(INSTRUCTIONS TO FOLLOW)
Line for line, return the data exactly, omitting all pictures.

(COLLECTED MATERIAL)
──────────────────────────────

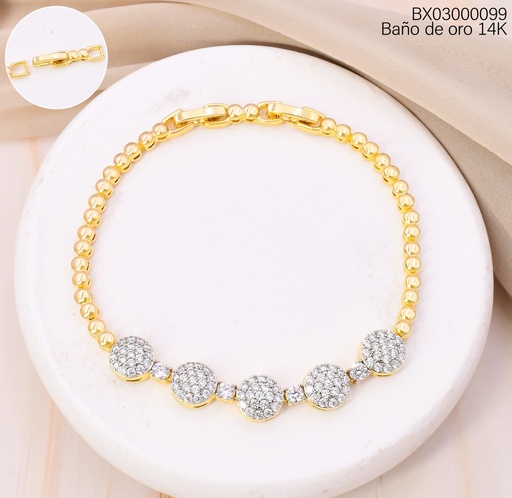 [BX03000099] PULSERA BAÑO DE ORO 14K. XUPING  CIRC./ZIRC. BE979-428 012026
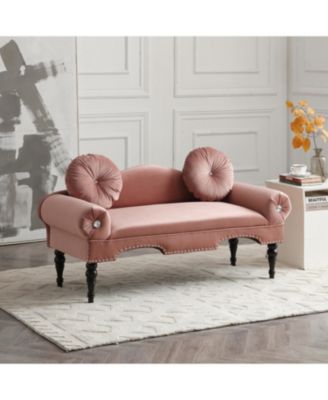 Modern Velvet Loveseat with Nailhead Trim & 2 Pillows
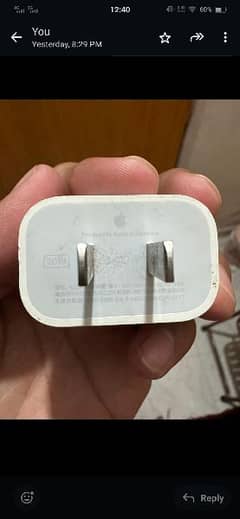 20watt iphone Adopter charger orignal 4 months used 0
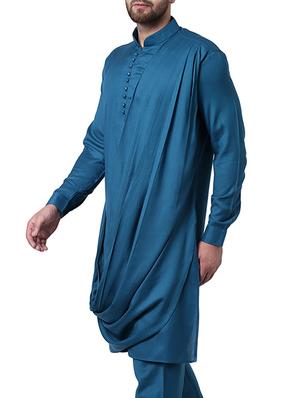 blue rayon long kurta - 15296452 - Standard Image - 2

──────────────────────────────

(TASK OUTPUT)
 [BX03000099] PULSERA BAÑO DE ORO 14K. XUPING  CIRC./ZIRC. BE979-428 012026
 Modern Velvet Loveseat with Nailhead Trim & 2 Pillows
 20watt iphone Adopter charger orignal 4 months used 0
 blue rayon long kurta - 15296452 - Standard Image - 2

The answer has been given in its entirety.